Au niveau régional, pour clarifier les rôles, le député préconise de déconcentrer l'Autorité environnementale en créant des comités régionaux de l'AE, ''qui reprendraient les compétences exercées par les Préfets de région, aujourd'hui juges et parties lorsqu'ils agissent en qualité d'AE''.
L'Autorité environnementale pourrait également évaluer les études d'impacts des lois et règlements, ''une procédure similaire à celle utilisée au sein de la Commission Européenne à Bruxelles (comité des études d'impact). Il s'agit de disposer d'un processus de contrôle qualité efficient des études d'impacts''.
Améliorer les débats publics et la concertation
Renforcer l'information sur les installations nucléaires
Bertrand Pancher préconise de renforcer les moyens d'actions des conseils locaux d'information (CLI), qui ''jouent un rôle majeur dans l'information des citoyens'' sur les installations nucléaires. Il propose notamment de reverser 1 % de la taxe sur les installations nucléaires de bases (INB) aux CLI pour leur permettre un financement régulier.
La gouvernance à 5 doit être introduite dans la phase préparatoire du débat public (réunion de concertation avec les parties prenantes locales intéressées par le projet) afin de faire la ''synthèse des avantages et inconvénients du projet sans préjuger de la décision finale''.
Les résultats de la procédure de consultation doivent ensuite être mieux pris en compte par le maître d'ouvrage. ''Pour aller plus loin, la mission préconise de rendre obligatoire la motivation des décisions prises par le maître d'ouvragelorsqu'il n'a pas retenu les observations faites, afin que les participants à la consultation en connaissent les raisons''.
La CNDP pourrait également être chargée d'organiser des débats sur des enjeux de société, par saisine du Parlement ou du Conseil économique, social et environnemental (CESE).
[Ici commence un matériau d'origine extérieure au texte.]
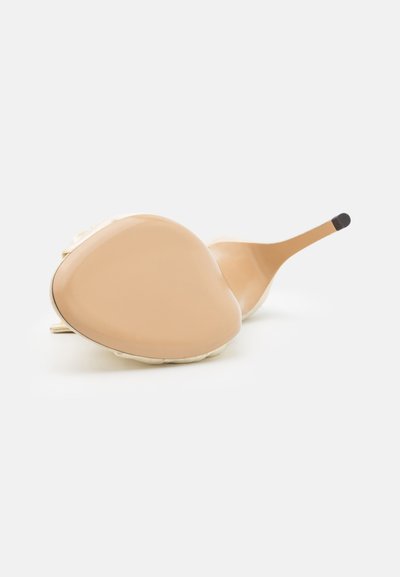 MOSCHINO CLOUD WITH HANDLE AND PADLOCK - Sandales à talons hauts - beige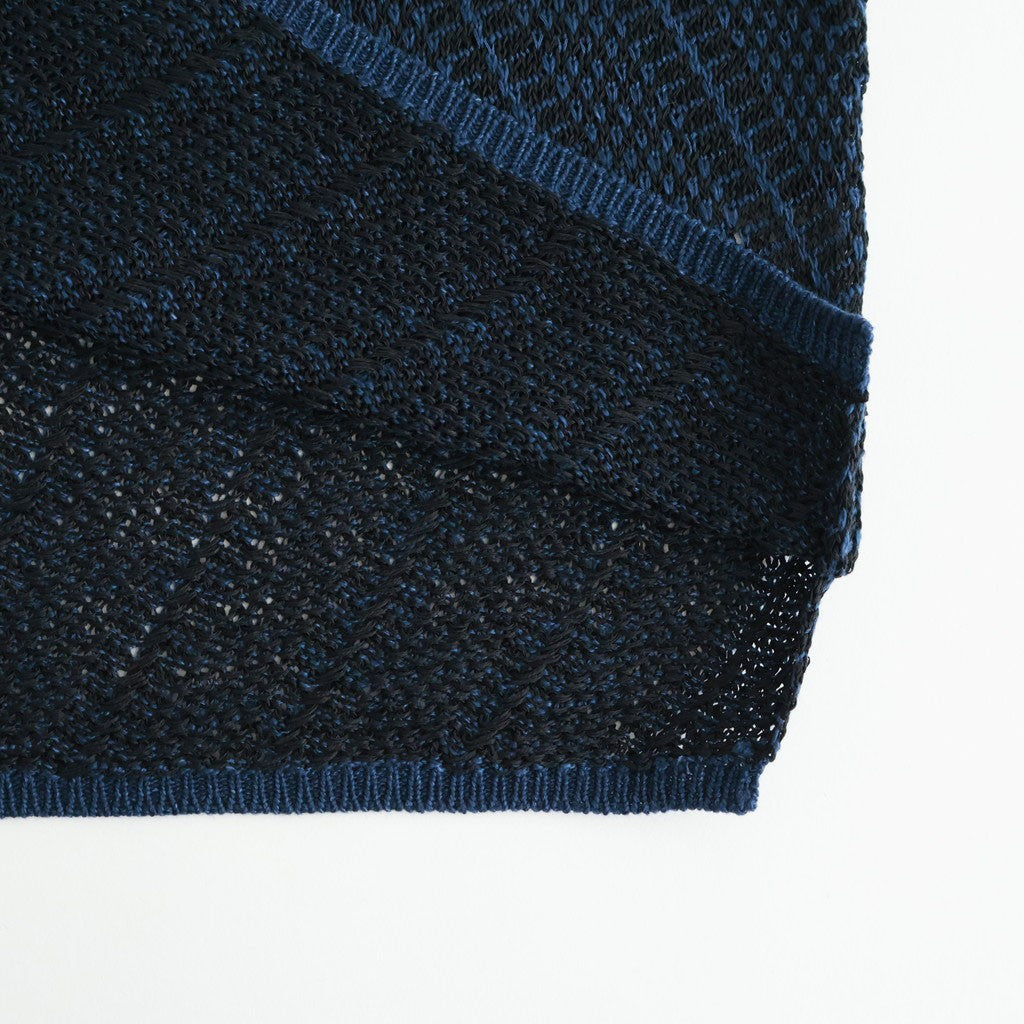 Diagonal Knit Skipper Shirt #NAVY [YK26SS01251S]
À l'échelle locale, afin de combler un déficit de démocratie participative, il s'agit de remettre à plat toutes les instances de concertation et de permettre aux CESER (conseils économiques, sociaux et environnementaux régionaux) de rendre systématiquement un avis, sur saisine du représentant de l'Etat, sur les politiques publiques régionales mises en place par l'Etat.
Les Conseils de développement doivent devenir obligatoires pour les collectivités de plus de 50.000 habitants et leur fonctionnement doit être plus efficace (présentation d'un rapport annuel…).